Records contained in a dataset:
╔══
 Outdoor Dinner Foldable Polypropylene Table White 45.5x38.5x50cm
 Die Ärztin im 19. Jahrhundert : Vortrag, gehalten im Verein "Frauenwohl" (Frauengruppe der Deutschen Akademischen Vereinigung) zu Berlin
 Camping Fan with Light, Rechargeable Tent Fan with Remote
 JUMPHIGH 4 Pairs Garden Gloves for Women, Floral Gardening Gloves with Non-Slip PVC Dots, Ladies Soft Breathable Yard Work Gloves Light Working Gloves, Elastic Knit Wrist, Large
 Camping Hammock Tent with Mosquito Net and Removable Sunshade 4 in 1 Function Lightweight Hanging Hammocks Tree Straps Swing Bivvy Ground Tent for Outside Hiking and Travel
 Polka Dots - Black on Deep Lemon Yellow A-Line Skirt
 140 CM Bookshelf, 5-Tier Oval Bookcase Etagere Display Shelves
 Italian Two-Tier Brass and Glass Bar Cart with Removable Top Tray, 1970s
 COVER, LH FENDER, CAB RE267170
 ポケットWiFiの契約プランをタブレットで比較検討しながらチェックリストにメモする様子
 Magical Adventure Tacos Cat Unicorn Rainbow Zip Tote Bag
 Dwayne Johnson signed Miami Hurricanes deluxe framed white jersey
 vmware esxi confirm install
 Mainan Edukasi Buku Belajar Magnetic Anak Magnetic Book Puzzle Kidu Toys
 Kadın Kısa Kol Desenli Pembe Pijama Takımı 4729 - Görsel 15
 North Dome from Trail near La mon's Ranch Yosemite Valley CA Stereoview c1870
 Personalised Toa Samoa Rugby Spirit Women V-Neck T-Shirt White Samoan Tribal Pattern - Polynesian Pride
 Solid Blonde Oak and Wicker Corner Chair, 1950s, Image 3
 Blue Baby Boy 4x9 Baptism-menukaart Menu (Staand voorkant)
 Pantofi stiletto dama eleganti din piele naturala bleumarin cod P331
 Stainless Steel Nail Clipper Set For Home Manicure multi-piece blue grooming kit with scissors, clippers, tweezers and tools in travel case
╚══
Copy every line of the data that holds the string "Tier".

 140 CM Bookshelf, 5-Tier Oval Bookcase Etagere Display Shelves
 Italian Two-Tier Brass and Glass Bar Cart with Removable Top Tray, 1970s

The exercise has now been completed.